(Beginning of Provided records)

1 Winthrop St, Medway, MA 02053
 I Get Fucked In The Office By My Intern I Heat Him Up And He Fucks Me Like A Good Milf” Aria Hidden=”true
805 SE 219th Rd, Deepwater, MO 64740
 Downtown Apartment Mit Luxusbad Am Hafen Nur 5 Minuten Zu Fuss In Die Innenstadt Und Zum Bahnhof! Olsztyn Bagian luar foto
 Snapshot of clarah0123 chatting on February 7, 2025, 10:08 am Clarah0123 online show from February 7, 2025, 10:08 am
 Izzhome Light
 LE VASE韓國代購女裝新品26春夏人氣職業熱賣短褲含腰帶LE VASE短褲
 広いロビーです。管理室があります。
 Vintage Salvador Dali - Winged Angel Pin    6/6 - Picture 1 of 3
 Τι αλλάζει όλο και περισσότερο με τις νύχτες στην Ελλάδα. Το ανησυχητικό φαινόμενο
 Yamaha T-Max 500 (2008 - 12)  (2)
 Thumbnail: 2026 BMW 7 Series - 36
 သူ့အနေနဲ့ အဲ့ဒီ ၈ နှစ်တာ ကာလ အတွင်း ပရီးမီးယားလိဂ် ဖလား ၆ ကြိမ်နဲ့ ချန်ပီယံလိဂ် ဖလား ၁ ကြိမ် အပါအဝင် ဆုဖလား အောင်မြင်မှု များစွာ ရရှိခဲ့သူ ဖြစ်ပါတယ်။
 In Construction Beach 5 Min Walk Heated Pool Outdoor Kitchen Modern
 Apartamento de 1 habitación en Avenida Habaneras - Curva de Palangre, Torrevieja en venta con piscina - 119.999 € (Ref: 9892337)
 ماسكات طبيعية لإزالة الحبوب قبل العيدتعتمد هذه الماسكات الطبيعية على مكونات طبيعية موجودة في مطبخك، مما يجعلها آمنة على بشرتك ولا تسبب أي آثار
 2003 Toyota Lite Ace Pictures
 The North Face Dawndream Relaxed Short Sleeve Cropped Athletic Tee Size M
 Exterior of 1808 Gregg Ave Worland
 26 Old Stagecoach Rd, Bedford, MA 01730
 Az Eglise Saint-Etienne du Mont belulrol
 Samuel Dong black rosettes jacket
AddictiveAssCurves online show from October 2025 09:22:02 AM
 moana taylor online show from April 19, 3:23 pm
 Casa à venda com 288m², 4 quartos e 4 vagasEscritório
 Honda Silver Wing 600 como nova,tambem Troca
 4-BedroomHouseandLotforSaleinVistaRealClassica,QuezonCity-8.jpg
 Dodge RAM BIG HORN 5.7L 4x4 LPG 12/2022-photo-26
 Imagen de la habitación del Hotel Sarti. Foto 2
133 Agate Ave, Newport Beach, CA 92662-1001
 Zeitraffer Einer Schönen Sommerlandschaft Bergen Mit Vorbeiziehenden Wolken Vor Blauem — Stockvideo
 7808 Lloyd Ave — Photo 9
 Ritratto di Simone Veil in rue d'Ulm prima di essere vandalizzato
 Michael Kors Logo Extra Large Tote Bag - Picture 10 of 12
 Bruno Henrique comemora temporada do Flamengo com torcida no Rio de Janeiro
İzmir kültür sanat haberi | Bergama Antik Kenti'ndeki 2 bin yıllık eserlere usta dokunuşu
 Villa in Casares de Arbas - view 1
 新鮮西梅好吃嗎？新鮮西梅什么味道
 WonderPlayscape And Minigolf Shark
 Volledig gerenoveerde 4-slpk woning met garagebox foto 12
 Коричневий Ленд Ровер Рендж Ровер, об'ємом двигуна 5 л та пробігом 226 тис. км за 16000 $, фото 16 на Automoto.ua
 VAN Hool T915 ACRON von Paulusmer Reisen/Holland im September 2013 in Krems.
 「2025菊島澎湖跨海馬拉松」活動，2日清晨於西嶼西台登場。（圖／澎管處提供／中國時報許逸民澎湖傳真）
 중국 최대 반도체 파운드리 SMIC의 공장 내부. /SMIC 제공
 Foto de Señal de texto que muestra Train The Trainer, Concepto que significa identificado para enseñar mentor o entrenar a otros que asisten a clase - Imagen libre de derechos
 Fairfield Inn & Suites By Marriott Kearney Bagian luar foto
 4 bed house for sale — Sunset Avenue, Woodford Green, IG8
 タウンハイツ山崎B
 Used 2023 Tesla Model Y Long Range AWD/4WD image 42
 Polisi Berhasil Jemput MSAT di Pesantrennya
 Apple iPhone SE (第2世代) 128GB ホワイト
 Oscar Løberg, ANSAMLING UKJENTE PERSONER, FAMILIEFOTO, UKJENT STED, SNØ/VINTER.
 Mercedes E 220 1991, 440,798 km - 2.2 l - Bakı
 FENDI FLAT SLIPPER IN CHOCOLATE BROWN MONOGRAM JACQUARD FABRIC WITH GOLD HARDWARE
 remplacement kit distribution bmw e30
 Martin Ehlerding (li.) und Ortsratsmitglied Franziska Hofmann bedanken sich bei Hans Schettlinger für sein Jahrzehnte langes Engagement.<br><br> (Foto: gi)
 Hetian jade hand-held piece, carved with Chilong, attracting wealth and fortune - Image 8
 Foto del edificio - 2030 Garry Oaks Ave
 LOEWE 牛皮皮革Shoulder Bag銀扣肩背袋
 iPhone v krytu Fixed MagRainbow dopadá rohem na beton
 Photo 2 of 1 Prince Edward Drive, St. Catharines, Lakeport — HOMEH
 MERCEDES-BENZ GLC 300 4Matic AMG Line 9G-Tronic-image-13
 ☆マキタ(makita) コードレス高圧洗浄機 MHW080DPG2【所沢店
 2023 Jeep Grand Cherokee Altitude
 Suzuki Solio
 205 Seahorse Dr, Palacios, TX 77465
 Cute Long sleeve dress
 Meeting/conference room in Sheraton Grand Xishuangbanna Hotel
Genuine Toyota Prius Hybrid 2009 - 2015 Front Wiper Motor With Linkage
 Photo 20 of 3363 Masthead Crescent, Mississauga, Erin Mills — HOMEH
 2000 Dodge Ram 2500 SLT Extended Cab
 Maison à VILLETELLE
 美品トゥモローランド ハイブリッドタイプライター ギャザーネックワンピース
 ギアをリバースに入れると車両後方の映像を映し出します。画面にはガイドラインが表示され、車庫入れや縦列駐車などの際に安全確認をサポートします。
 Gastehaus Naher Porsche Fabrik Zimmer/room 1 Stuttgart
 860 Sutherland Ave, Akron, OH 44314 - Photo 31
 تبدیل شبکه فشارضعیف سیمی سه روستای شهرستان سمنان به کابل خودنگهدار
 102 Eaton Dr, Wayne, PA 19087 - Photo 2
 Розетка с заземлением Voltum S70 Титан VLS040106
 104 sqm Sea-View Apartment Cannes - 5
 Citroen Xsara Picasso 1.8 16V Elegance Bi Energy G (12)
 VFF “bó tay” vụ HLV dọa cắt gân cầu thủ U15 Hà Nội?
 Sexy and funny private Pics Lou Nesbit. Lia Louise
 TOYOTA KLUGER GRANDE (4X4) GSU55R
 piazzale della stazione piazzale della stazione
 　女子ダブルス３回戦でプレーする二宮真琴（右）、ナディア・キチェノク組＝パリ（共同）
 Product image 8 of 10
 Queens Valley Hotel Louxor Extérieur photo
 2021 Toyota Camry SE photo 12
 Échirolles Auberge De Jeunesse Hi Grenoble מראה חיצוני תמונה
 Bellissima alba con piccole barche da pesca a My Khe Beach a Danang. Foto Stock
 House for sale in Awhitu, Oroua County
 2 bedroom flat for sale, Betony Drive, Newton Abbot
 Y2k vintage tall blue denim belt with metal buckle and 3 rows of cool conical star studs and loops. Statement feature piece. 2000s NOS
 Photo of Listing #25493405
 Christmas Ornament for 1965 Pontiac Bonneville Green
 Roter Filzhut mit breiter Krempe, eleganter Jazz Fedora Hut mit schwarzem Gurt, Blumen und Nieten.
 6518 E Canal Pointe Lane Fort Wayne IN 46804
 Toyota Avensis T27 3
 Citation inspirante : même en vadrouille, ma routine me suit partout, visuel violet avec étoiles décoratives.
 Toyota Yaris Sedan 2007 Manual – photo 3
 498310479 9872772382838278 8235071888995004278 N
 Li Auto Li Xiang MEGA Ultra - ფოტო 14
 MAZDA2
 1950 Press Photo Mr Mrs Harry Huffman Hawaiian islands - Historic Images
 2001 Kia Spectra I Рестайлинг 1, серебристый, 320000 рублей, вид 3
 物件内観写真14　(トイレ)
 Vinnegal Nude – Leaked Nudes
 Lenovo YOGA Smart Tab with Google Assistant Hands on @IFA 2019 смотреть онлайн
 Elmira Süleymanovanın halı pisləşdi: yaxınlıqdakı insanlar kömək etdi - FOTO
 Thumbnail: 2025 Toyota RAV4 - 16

(End of Provided records)

What the task asks -> All that is wanted is the run of lines from the start of the data through the line containing "Bruno Henrique comemora", copied word for word.

Your response ->
1 Winthrop St, Medway, MA 02053
 I Get Fucked In The Office By My Intern I Heat Him Up And He Fucks Me Like A Good Milf” Aria Hidden=”true
805 SE 219th Rd, Deepwater, MO 64740
 Downtown Apartment Mit Luxusbad Am Hafen Nur 5 Minuten Zu Fuss In Die Innenstadt Und Zum Bahnhof! Olsztyn Bagian luar foto
 Snapshot of clarah0123 chatting on February 7, 2025, 10:08 am Clarah0123 online show from February 7, 2025, 10:08 am
 Izzhome Light
 LE VASE韓國代購女裝新品26春夏人氣職業熱賣短褲含腰帶LE VASE短褲
 広いロビーです。管理室があります。
 Vintage Salvador Dali - Winged Angel Pin    6/6 - Picture 1 of 3
 Τι αλλάζει όλο και περισσότερο με τις νύχτες στην Ελλάδα. Το ανησυχητικό φαινόμενο
 Yamaha T-Max 500 (2008 - 12)  (2)
 Thumbnail: 2026 BMW 7 Series - 36
 သူ့အနေနဲ့ အဲ့ဒီ ၈ နှစ်တာ ကာလ အတွင်း ပရီးမီးယားလိဂ် ဖလား ၆ ကြိမ်နဲ့ ချန်ပီယံလိဂ် ဖလား ၁ ကြိမ် အပါအဝင် ဆုဖလား အောင်မြင်မှု များစွာ ရရှိခဲ့သူ ဖြစ်ပါတယ်။
 In Construction Beach 5 Min Walk Heated Pool Outdoor Kitchen Modern
 Apartamento de 1 habitación en Avenida Habaneras - Curva de Palangre, Torrevieja en venta con piscina - 119.999 € (Ref: 9892337)
 ماسكات طبيعية لإزالة الحبوب قبل العيدتعتمد هذه الماسكات الطبيعية على مكونات طبيعية موجودة في مطبخك، مما يجعلها آمنة على بشرتك ولا تسبب أي آثار
 2003 Toyota Lite Ace Pictures
 The North Face Dawndream Relaxed Short Sleeve Cropped Athletic Tee Size M
 Exterior of 1808 Gregg Ave Worland
 26 Old Stagecoach Rd, Bedford, MA 01730
 Az Eglise Saint-Etienne du Mont belulrol
 Samuel Dong black rosettes jacket
AddictiveAssCurves online show from October 2025 09:22:02 AM
 moana taylor online show from April 19, 3:23 pm
 Casa à venda com 288m², 4 quartos e 4 vagasEscritório
 Honda Silver Wing 600 como nova,tambem Troca
 4-BedroomHouseandLotforSaleinVistaRealClassica,QuezonCity-8.jpg
 Dodge RAM BIG HORN 5.7L 4x4 LPG 12/2022-photo-26
 Imagen de la habitación del Hotel Sarti. Foto 2
133 Agate Ave, Newport Beach, CA 92662-1001
 Zeitraffer Einer Schönen Sommerlandschaft Bergen Mit Vorbeiziehenden Wolken Vor Blauem — Stockvideo
 7808 Lloyd Ave — Photo 9
 Ritratto di Simone Veil in rue d'Ulm prima di essere vandalizzato
 Michael Kors Logo Extra Large Tote Bag - Picture 10 of 12
 Bruno Henrique comemora temporada do Flamengo com torcida no Rio de Janeiro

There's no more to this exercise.